Step 1: record the baseline

You need a pre-LoRA reference point. Otherwise you will not know whether the adapter helped or only changed style.

Baseline A: original base model behavior

export PERSONAL_LLM_MODEL_PROFILE=qwen2.5-3b-instruct
export PERSONAL_LLM_GUARDRAIL_PROFILE=original_model
uv run personal-llm evaluate --cases evaluation/cases/core_eval_cases.jsonl

Baseline B: base model plus your chosen runtime guardrails

export PERSONAL_LLM_MODEL_PROFILE=qwen2.5-3b-instruct
export PERSONAL_LLM_GUARDRAIL_PROFILE=standard
uv run personal-llm evaluate --cases evaluation/cases/core_eval_cases.jsonl

Why use both:

  • Baseline A tells you what the raw model does
  • Baseline B tells you what the surrounding prompt and policy stack already fixes before training

Record both in a snapshot note under knowledge/snapshots/README.md.

After the dry run is complete, repeat the same baseline steps with qwen2.5-7b-instruct before the serious adapter run.

Step 2: run a dry run before the real adapter

Use a tiny dry run first:

  • 10-12 examples
  • one or two examples from each major domain you care about
  • at least two refusal cases
  • at least two boundary cases

Purpose:

  • confirm your JSONL format
  • confirm the answers sound right
  • catch prompt or guardrail mismatches early

If you want to compare multiple guardrail profiles quickly before choosing one, use docs/16_guardrail_matrix.md.

Step 3: train the first adapter

Use local MLX first unless you already know you need remote GPUs.

uv run personal-llm train-local-mlx \
  --config config/training.yaml \
  --dataset data/training/generated/train.jsonl

Step 4: evaluate again

Run the same evaluation suite after training.

export PERSONAL_LLM_GUARDRAIL_PROFILE=standard
uv run personal-llm evaluate --cases evaluation/cases/core_eval_cases.jsonl

Then send a small set of high-risk prompts through the API:

uv run personal-llm serve --reload
curl -s http://127.0.0.1:8000/v1/chat/completions \
  -H 'Content-Type: application/json' \
  -d @evaluation/cases/sample_request.json

What success looks like

  • answers are more aligned with your persona
  • the model is more consistent on your core domains
  • refusals remain clean
  • boundary cases improve rather than becoming over-refused
  • regulated-domain answers become more structured and cautious

Common failure modes

  • too generic: add 5-10 persona-aligned SFT examples focused on the missing style, then re-evaluate
  • too restrictive: remove or rewrite 3-5 refusal-heavy or over-aggressive boundary examples, or move to relaxed
  • not restrictive enough: add 5-8 refusal examples and 3-5 boundary cases, then retrain
  • factual weakness: improve retrieval and curated knowledge before adding more LoRA data
  • style improved but substance did not: add 5-10 domain examples tied to your real heuristics or source evidence
  • retrieval-grounded prompts fail: verify the matching docs were ingested, chunked, and embedded before changing LoRA data

What to document after the run

Create a snapshot note with:

  • date
  • model profile
  • guardrail profile
  • dataset path
  • prompt profile
  • adapter output path
  • baseline result summary
  • post-training result summary
  • what changed next

Important caution

Do not assume a better-feeling answer means a better model. Compare against the baseline and keep the same eval cases across runs.
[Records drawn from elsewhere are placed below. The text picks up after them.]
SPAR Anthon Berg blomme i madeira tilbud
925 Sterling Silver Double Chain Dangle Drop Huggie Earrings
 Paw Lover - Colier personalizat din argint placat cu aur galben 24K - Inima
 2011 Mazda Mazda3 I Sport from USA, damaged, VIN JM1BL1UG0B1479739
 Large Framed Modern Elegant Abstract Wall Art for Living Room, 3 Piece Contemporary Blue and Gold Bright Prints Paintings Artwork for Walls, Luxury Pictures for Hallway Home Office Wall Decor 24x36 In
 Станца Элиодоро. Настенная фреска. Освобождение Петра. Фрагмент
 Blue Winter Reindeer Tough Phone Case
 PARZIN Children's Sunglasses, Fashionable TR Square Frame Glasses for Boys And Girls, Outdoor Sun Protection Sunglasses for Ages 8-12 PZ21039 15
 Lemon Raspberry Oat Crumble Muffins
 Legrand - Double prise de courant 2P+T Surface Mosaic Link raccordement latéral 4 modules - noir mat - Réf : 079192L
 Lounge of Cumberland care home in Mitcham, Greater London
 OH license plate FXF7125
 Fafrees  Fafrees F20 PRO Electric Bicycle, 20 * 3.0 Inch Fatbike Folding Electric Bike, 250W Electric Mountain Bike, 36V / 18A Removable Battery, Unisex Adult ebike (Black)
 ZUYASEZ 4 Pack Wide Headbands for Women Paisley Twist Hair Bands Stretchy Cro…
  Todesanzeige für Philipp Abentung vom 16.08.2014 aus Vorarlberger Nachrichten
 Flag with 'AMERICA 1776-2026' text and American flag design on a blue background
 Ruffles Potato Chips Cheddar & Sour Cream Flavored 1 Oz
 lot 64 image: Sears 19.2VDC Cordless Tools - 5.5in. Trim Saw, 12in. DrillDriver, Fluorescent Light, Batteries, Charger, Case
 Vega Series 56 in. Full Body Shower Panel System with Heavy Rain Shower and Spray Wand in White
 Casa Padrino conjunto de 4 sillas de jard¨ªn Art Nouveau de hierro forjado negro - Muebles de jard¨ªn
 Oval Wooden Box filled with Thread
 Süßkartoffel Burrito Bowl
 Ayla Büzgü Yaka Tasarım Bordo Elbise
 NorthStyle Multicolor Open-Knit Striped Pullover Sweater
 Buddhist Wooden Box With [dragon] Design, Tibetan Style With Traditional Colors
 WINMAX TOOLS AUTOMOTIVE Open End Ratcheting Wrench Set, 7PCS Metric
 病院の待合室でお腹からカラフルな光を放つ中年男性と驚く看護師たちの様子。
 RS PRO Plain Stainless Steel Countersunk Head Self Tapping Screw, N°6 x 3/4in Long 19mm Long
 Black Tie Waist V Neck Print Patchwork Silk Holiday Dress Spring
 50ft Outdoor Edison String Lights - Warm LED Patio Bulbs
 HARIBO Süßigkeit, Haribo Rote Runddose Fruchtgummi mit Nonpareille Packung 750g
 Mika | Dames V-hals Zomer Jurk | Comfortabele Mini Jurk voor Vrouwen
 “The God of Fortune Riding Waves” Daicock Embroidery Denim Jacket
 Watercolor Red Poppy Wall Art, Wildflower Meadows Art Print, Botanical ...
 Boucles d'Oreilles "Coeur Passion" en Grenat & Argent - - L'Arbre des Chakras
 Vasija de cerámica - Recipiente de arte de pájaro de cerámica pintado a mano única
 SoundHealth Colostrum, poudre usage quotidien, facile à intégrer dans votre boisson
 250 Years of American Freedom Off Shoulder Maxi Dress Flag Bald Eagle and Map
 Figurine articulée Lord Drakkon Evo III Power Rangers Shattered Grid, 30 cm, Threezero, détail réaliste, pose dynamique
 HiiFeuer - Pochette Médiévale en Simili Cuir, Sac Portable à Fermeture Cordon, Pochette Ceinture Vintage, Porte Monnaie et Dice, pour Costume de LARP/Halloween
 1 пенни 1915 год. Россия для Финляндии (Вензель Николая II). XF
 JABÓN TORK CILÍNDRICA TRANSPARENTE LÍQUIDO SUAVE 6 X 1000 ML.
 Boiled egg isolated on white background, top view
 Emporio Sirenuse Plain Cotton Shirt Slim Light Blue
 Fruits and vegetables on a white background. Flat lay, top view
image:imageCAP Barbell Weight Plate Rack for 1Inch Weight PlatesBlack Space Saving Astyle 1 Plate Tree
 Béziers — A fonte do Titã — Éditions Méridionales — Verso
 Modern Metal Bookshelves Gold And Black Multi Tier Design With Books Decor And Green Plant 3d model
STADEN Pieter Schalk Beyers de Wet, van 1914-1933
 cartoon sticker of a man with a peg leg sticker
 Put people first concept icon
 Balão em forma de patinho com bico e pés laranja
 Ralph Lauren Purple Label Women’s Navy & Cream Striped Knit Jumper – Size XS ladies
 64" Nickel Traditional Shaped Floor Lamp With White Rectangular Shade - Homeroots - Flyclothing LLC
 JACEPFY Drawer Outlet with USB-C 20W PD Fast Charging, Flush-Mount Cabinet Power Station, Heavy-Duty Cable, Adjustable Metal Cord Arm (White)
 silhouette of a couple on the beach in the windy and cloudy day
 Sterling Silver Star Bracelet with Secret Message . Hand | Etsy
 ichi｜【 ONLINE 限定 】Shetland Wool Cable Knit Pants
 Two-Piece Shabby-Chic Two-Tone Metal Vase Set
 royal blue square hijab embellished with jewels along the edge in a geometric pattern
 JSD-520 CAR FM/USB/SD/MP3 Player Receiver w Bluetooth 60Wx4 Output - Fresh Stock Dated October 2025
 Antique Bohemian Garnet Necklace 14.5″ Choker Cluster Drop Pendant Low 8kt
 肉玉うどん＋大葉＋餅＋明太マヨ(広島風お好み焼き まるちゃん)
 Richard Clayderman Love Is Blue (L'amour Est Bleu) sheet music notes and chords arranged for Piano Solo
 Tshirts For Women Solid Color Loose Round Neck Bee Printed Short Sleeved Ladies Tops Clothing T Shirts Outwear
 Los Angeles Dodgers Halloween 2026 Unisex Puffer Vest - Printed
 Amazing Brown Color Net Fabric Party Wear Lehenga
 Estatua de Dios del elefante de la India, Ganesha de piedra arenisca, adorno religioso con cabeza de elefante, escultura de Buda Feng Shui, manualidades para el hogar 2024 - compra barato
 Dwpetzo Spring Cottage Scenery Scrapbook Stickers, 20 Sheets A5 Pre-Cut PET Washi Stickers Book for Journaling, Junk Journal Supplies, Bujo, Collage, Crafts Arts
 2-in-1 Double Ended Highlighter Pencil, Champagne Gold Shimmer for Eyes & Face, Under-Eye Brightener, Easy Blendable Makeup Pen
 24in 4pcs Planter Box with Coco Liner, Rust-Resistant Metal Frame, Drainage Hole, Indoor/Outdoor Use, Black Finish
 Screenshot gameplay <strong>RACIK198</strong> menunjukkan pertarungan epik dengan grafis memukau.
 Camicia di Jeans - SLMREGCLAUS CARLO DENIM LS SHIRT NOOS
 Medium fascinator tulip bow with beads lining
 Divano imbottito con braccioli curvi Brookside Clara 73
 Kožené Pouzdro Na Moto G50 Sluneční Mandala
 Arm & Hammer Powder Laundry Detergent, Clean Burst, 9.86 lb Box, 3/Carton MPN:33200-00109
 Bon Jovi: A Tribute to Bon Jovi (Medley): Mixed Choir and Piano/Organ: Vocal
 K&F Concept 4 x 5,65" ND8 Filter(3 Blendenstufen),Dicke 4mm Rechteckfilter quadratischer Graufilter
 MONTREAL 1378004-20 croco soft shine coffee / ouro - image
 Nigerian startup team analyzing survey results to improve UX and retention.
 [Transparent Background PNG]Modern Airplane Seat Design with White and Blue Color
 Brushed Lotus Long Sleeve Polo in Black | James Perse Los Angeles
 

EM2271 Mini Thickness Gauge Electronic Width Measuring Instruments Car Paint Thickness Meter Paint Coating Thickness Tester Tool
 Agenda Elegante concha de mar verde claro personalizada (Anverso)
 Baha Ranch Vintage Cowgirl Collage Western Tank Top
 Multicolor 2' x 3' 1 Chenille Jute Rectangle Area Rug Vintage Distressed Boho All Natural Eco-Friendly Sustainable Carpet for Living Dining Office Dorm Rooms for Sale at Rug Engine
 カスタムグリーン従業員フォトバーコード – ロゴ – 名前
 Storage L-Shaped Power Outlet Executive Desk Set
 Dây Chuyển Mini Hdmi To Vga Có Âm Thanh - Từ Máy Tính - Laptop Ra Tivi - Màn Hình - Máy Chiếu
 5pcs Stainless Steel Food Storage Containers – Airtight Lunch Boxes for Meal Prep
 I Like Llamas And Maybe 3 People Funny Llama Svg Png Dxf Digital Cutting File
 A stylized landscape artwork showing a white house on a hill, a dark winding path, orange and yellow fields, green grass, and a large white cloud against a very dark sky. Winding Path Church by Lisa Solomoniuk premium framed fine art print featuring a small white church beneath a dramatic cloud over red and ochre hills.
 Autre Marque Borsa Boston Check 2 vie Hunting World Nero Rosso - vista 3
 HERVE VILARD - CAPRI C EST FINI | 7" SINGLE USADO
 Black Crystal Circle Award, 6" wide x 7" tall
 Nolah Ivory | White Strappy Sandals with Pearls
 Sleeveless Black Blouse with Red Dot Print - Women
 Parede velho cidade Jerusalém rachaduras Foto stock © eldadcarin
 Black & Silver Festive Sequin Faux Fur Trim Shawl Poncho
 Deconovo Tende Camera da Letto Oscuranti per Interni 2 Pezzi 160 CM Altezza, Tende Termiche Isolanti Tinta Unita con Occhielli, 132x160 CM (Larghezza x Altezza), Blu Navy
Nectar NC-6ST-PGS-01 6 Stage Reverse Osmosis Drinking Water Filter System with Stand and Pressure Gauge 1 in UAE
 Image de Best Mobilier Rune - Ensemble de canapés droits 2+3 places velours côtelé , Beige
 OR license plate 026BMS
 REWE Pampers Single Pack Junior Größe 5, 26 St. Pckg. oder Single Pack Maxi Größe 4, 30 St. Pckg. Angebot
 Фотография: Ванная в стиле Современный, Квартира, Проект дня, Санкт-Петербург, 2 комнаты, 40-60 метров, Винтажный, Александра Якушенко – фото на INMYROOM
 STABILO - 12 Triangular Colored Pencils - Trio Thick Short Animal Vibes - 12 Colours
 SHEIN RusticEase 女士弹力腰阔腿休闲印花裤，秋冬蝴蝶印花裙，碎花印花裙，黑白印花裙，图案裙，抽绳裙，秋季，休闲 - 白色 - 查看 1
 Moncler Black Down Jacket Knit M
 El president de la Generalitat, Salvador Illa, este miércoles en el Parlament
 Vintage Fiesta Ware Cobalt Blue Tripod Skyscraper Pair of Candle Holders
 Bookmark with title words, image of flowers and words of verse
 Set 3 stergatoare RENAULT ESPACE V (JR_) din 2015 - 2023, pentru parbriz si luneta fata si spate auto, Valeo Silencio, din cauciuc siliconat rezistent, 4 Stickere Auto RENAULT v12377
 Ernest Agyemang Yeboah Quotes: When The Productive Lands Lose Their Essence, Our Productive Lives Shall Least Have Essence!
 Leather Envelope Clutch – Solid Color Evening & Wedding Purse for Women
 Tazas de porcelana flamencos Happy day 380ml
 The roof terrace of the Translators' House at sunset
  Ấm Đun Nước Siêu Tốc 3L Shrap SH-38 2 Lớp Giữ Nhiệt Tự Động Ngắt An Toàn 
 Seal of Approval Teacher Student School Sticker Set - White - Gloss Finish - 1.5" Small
When to stop tuning the first iteration

Ship the first iteration and move to real usage when:

  • hard refusal cases pass
  • boundary-case behavior is acceptably clean
  • your persona checks are at or above the target in docs/07_evaluation.md
  • the model is clearly more useful than the baseline on your core domains

Do not keep tuning just because a few answers could still be better. Once the first iteration clears the quality bar, start using it for real work and collect the next wave of improvements from actual usage.